Monday, 16 February 2009

The Fleet Air Arm: 100 Years of Second-Rate Service

The Royal Navy has unveiled plans to celebrate 100 dismal years of British naval aviation, it announced today.

It was in 1909 that the Sea Lords signed a landmark £35,000 contract to build a rigid airship to compete with the German dirigible programme.

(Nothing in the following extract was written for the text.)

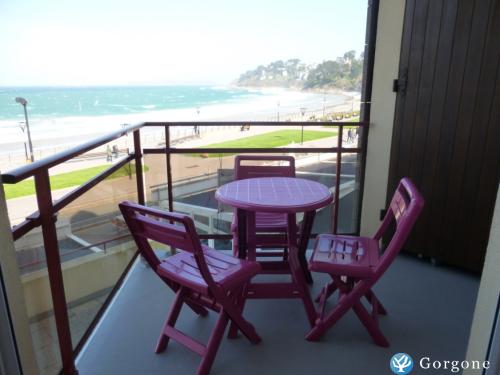 Photo n°1 de :Apt T2 trs belle vue mer - Plage de Trestraou - Accs Internet
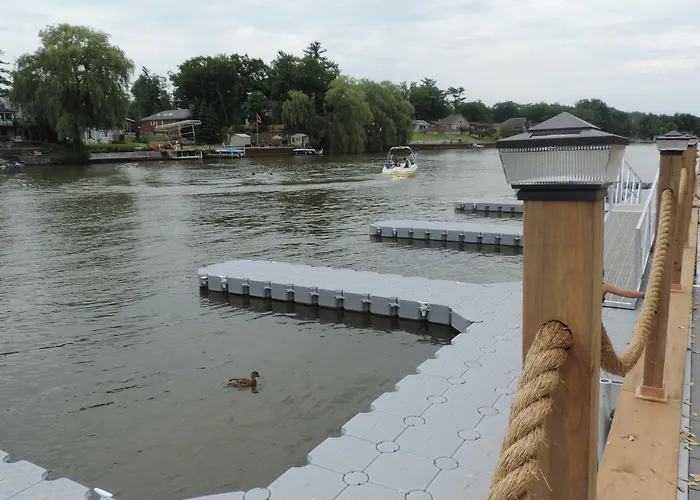 Wasaga Riverdocks Hotel Suites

The result - HMA 1, known as the Mayfly - never flew, as a gust of wind blew it into an obstruction and it broke in half, thereby setting a precedent for much of what was to follow.

Highlights of the Fleet Air Arm's century of illustrious efforts include:

- the death of Lt Dunning, the first man to land a heavier-than-air craft on a seagoing warship, immediately after his achievement;
- a generation of useless, overweight naval fighters, because of their Lordship's refusal to believe that pilots could possibly read a map without carrying a navigator in the boot to do the thinking for them;
- a total inability to make a torpedo bomber stay in one piece without involving half a mile of piano wire;
- launching Hurricane fighters off merchant ships in the middle of the Atlantic with no means of recovering them;
- trying to squeeze the carrier, HMS Indefatigable, through the Panama Canal, then having the cheek to bill the Americans for all the bits it knocked off along the way;
- handing its Avengers back to the US Navy after the war, then having to borrow them again four years later because Britain's aviation industry couldn't make anything that worked;
- wasting a fortune trying to belly-flop jets onto rubber-decked carriers;
- the Fairey Gannet;
- ordering two squadrons of Phantom jets, insisting that they be completely redesigned for Rolls-Royce engines regardless of cost, then promptly decommissioning the only aircraft carriers that could carry them;
- somewhat optimistically maintaining that a Sea Harrier with a Sidewinder bolted onto each wingtip was some kind of first-rate fighter;
- taking its last Sea Harriers out of commission, leaving no fixed-wing aircraft in naval service for years to come, yet stoutly maintaining that its long-delayed new carriers will somehow be 'essential' to Britain's defence;
- fondly imagining that a carrier named after a cruise liner will in some way strike mortal terror into the nation's foes.

The Ministry of Defence joined in the celebratory mood today, saying that an "exciting" announcement would be made in the next few days concerning the next-generation Joint Strike Fighter. Aviation experts said the announcement would probably confirm that the Americans had finally given up trying to make the damned thing work.